§ PROBLEM TO WORK ON
Repeat the listing word for word. Leave every picture out.

:: TASK MATERIAL ::

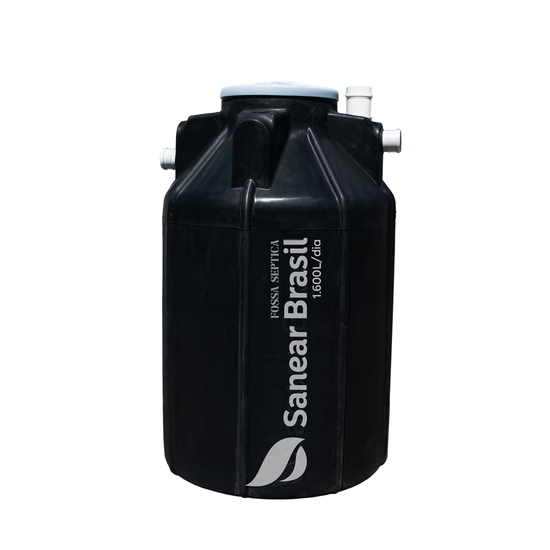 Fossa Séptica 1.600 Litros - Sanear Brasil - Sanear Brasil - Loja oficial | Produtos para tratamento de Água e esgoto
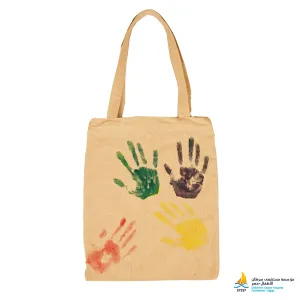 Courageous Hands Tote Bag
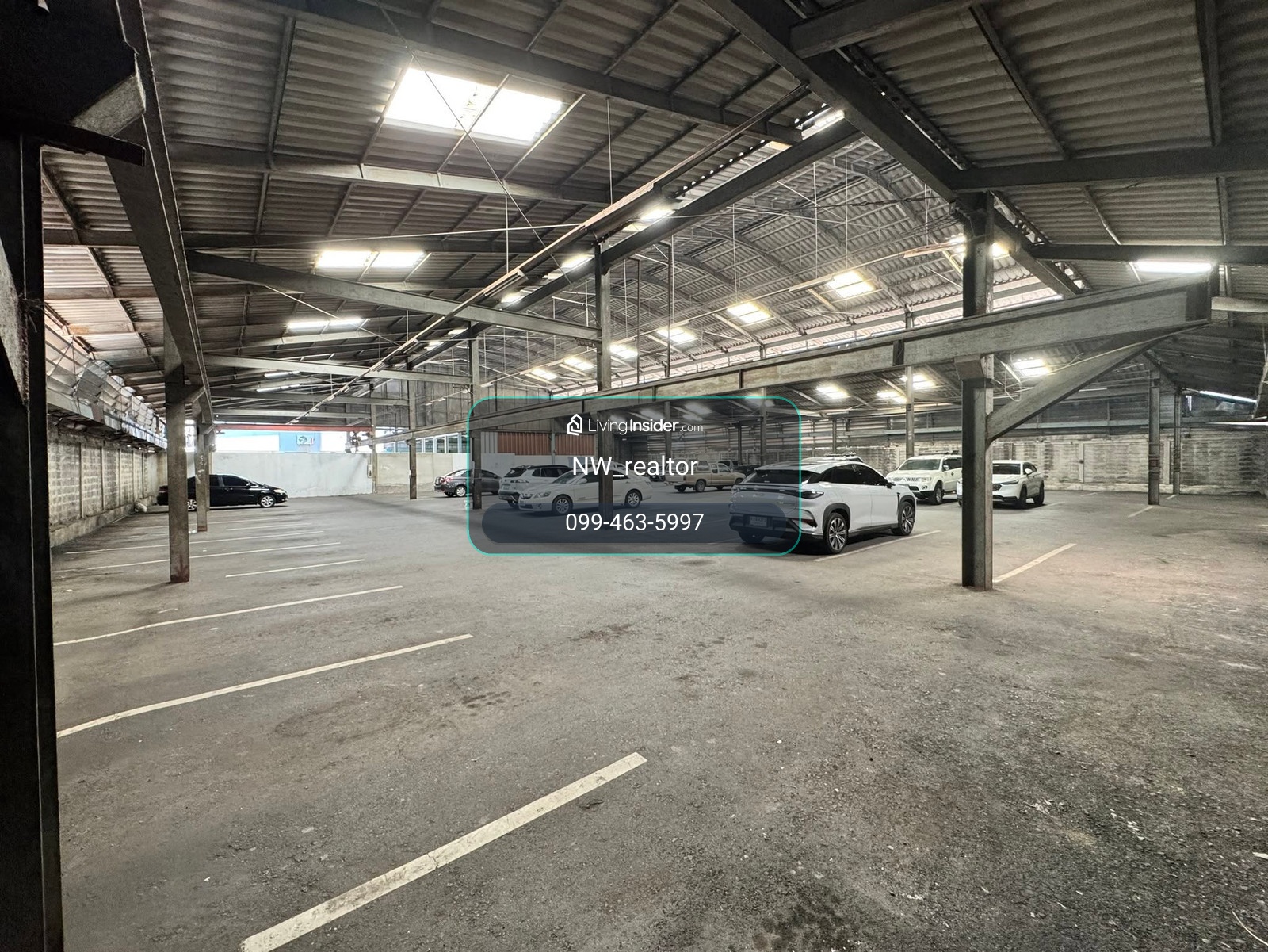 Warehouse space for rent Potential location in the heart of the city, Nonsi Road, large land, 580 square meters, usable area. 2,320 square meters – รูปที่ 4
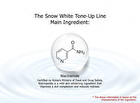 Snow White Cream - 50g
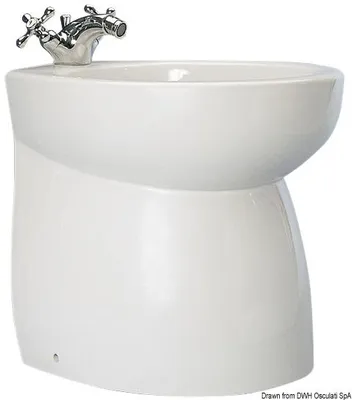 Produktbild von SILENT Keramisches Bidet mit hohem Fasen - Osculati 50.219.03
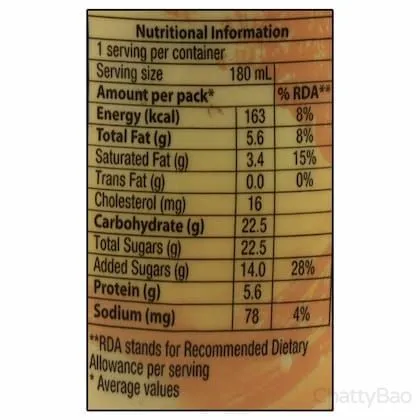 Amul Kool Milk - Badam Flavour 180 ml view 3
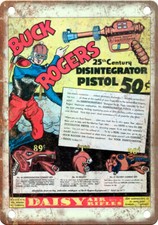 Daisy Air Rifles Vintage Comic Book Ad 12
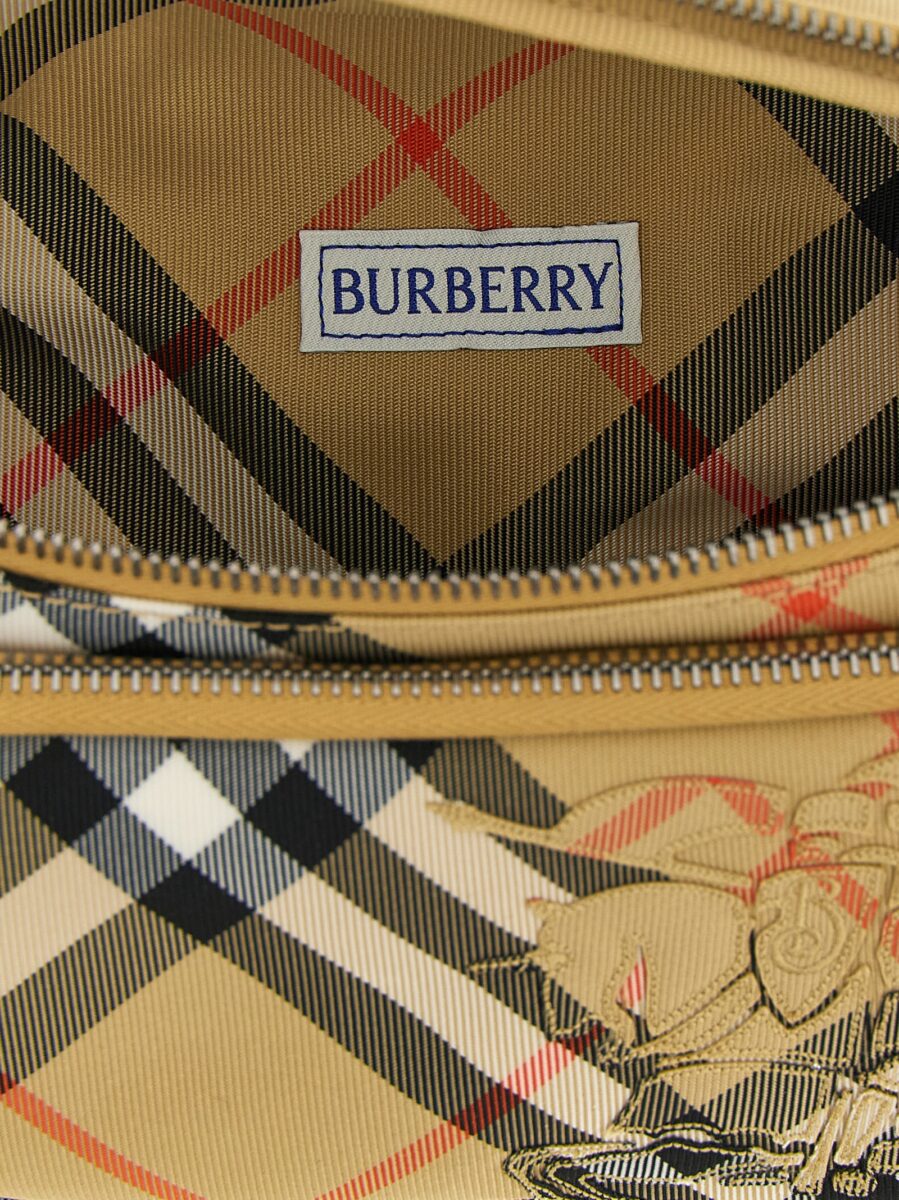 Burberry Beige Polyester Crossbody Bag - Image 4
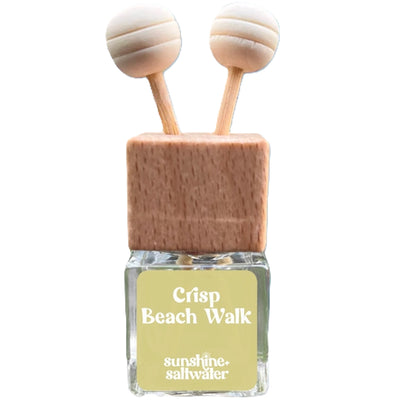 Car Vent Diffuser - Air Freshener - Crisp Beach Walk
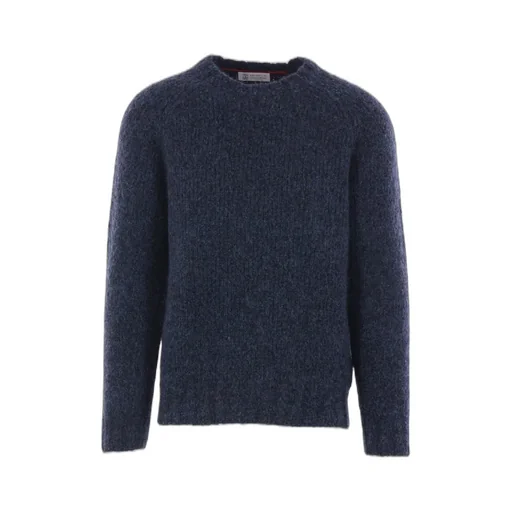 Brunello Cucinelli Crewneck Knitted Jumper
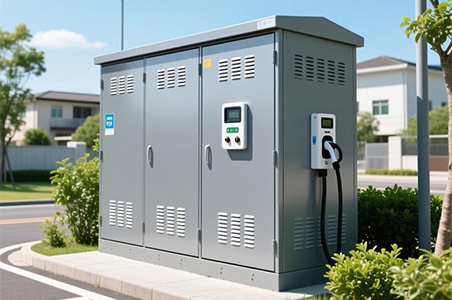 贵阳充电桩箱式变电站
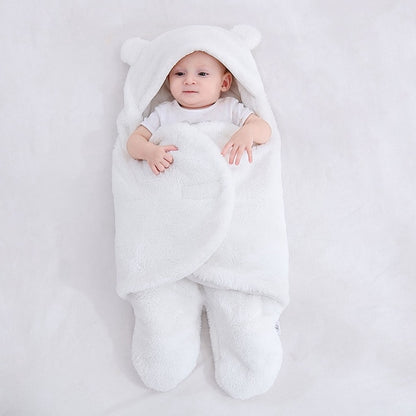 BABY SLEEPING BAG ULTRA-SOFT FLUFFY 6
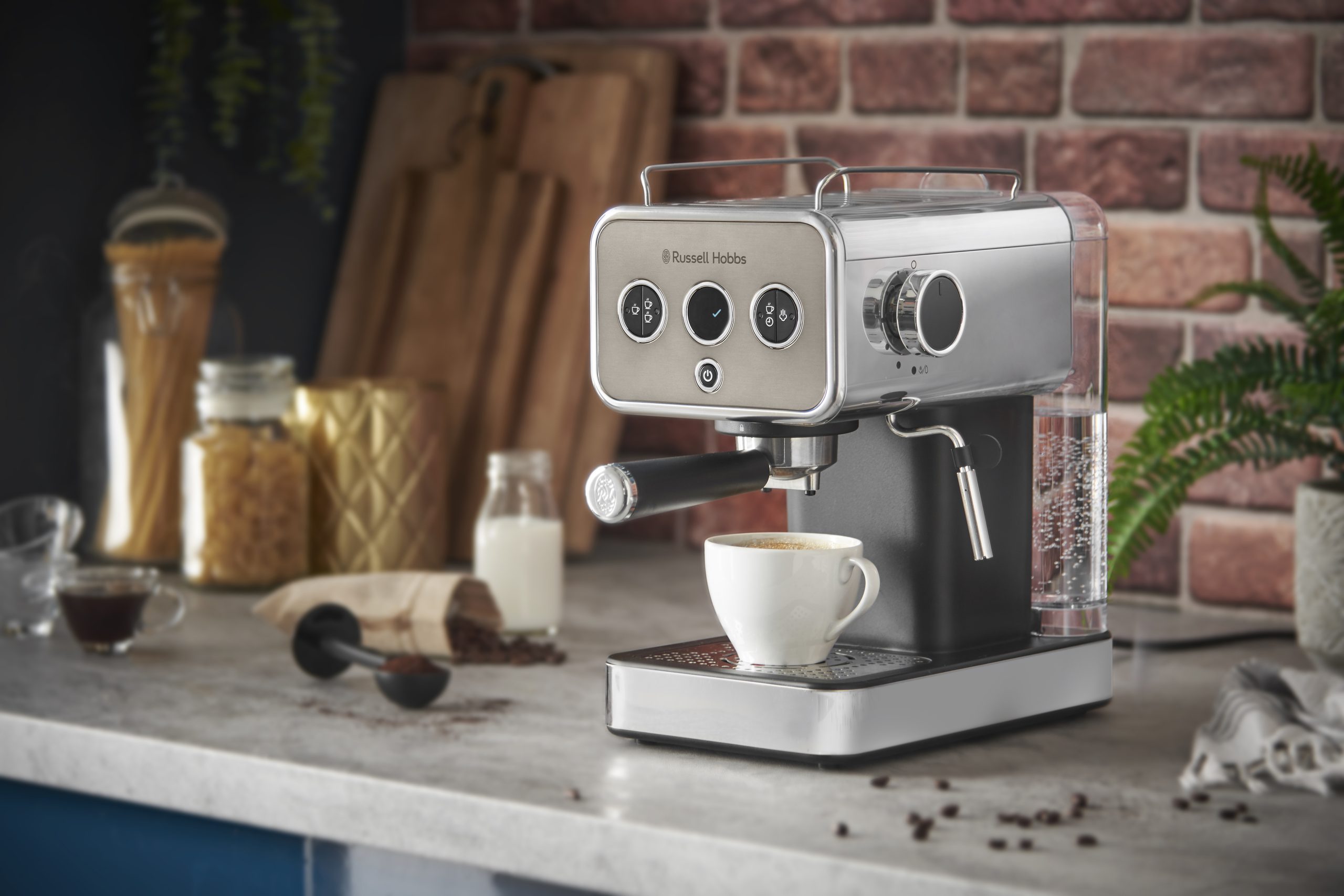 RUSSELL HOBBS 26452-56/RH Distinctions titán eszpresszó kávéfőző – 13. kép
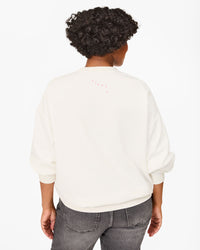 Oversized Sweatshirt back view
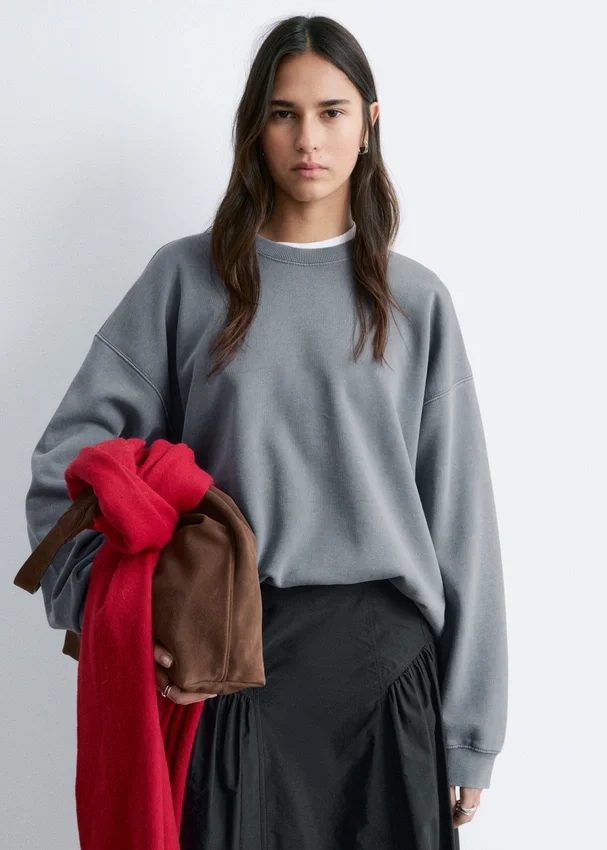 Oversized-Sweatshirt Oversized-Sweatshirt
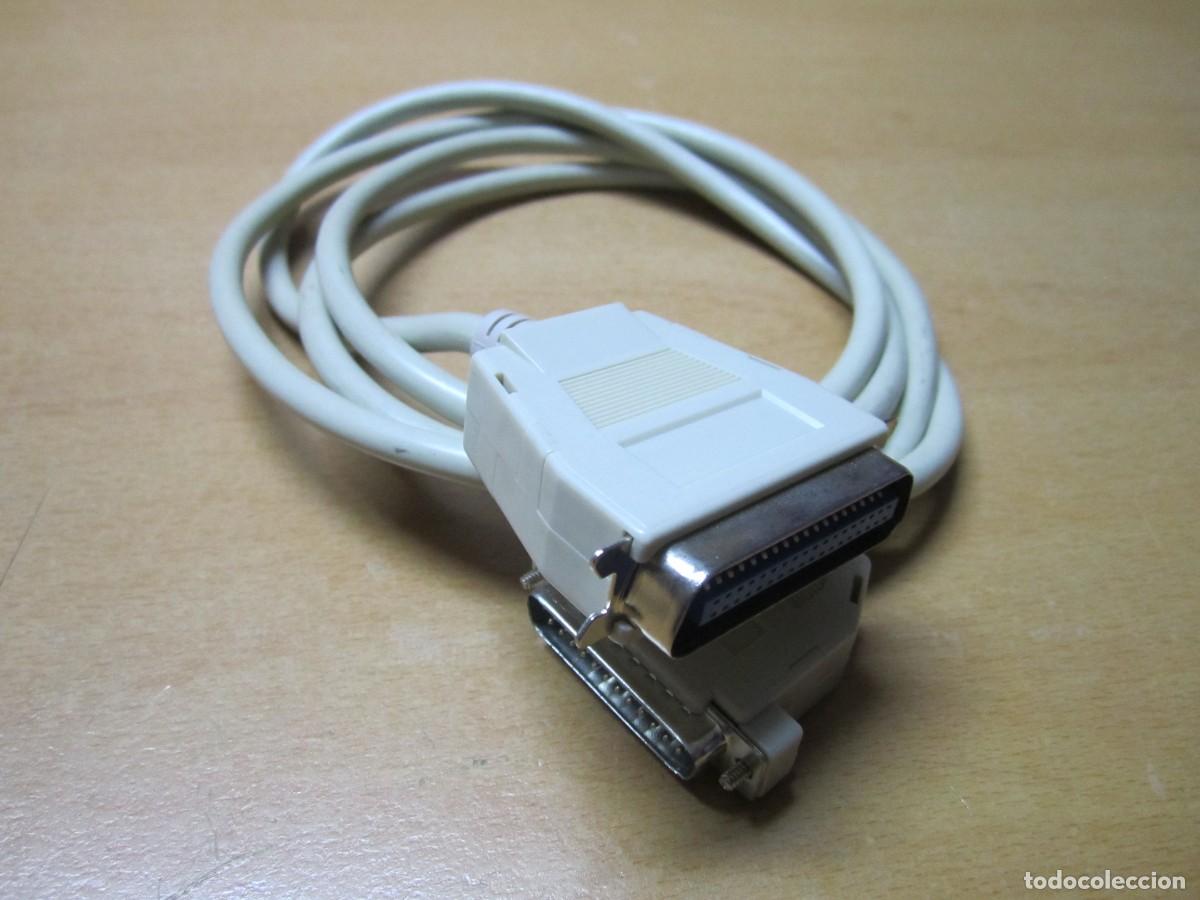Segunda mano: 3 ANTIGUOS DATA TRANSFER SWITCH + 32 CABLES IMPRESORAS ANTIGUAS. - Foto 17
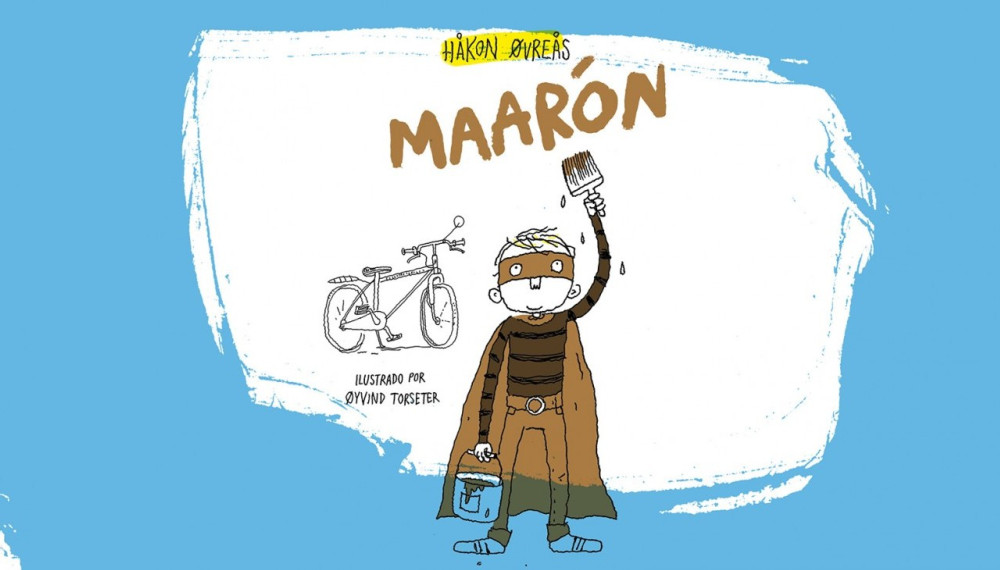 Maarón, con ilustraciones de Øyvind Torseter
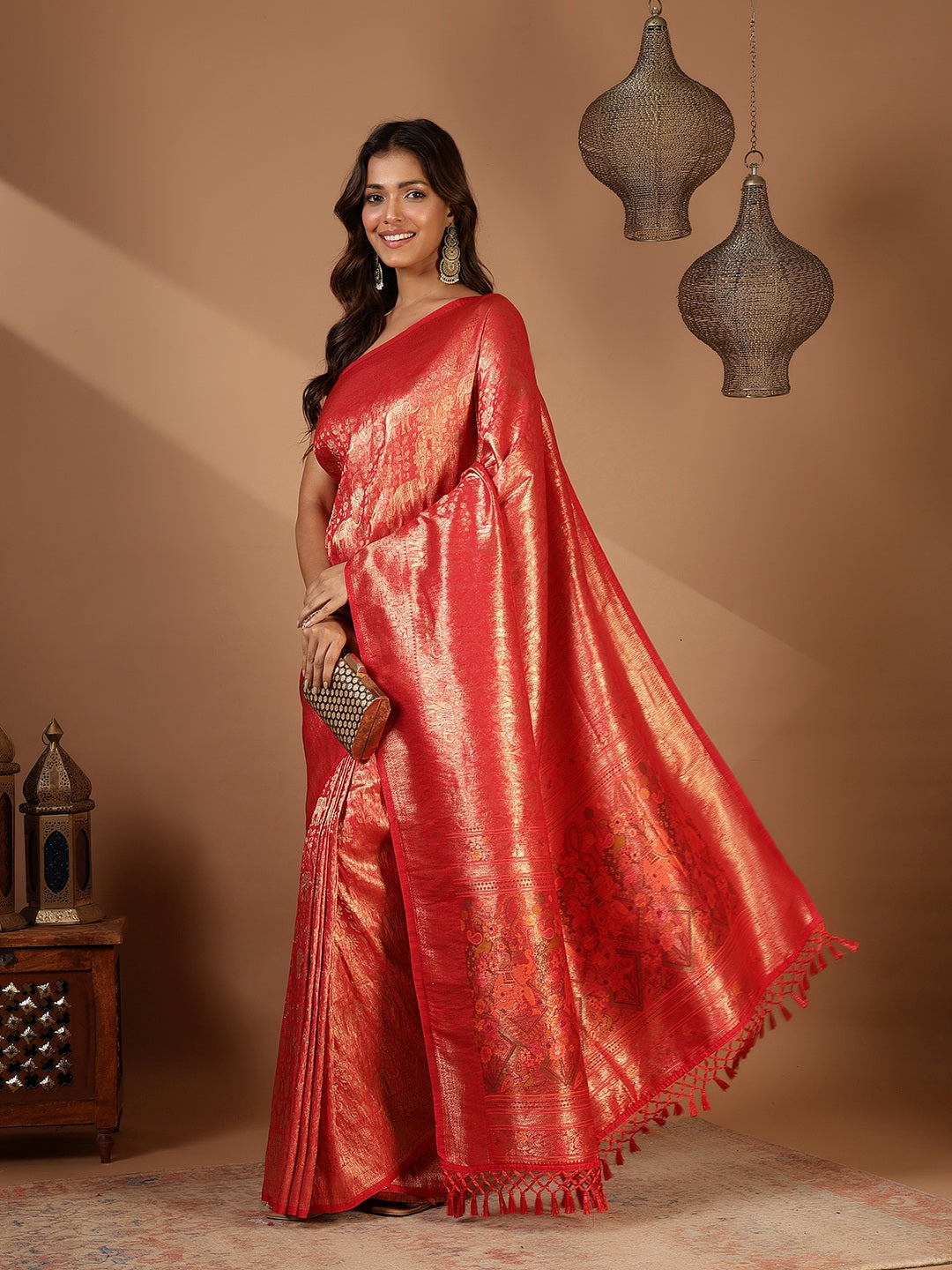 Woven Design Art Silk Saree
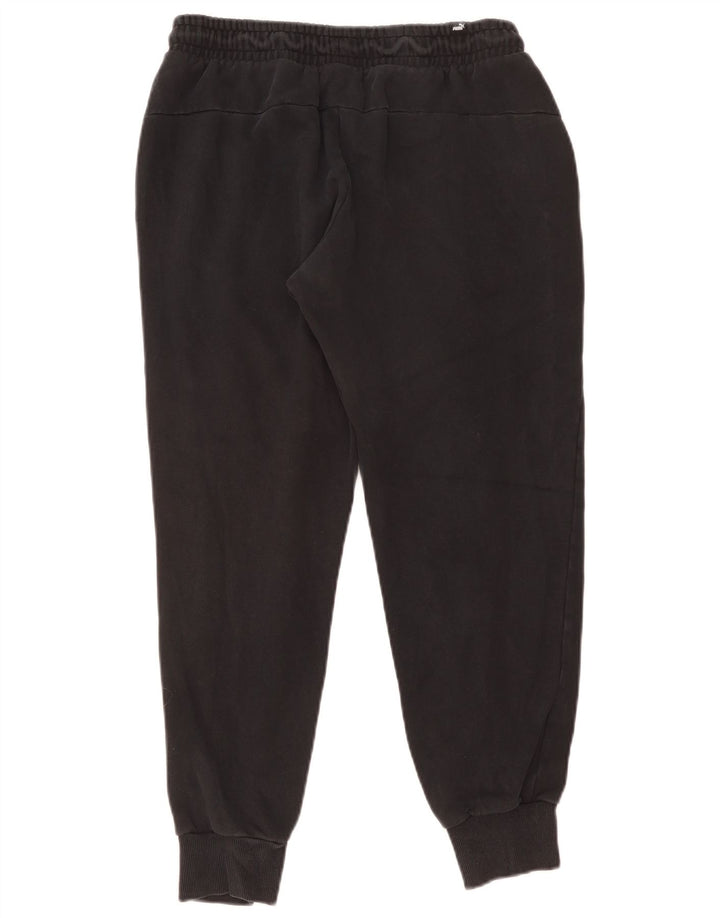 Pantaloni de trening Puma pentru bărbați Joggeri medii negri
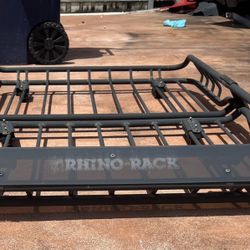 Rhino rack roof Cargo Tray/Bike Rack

:::

§ ANSWER SPACE
 Fossa Séptica 1.600 Litros - Sanear Brasil - Sanear Brasil - Loja oficial | Produtos para tratamento de Água e esgoto
 Courageous Hands Tote Bag
 Warehouse space for rent Potential location in the heart of the city, Nonsi Road, large land, 580 square meters, usable area. 2,320 square meters – รูปที่ 4
 Snow White Cream - 50g
 Produktbild von SILENT Keramisches Bidet mit hohem Fasen - Osculati 50.219.03
 Amul Kool Milk - Badam Flavour 180 ml view 3
 Daisy Air Rifles Vintage Comic Book Ad 12
 Burberry Beige Polyester Crossbody Bag - Image 4
 Car Vent Diffuser - Air Freshener - Crisp Beach Walk
 Brunello Cucinelli Crewneck Knitted Jumper
 贵阳充电桩箱式变电站
 BABY SLEEPING BAG ULTRA-SOFT FLUFFY 6
 RUSSELL HOBBS 26452-56/RH Distinctions titán eszpresszó kávéfőző – 13. kép
 Oversized Sweatshirt back view
 Oversized-Sweatshirt Oversized-Sweatshirt
Segunda mano: 3 ANTIGUOS DATA TRANSFER SWITCH + 32 CABLES IMPRESORAS ANTIGUAS. - Foto 17
 Maarón, con ilustraciones de Øyvind Torseter
 Woven Design Art Silk Saree
 Pantaloni de trening Puma pentru bărbați Joggeri medii negri
 Rhino rack roof Cargo Tray/Bike Rack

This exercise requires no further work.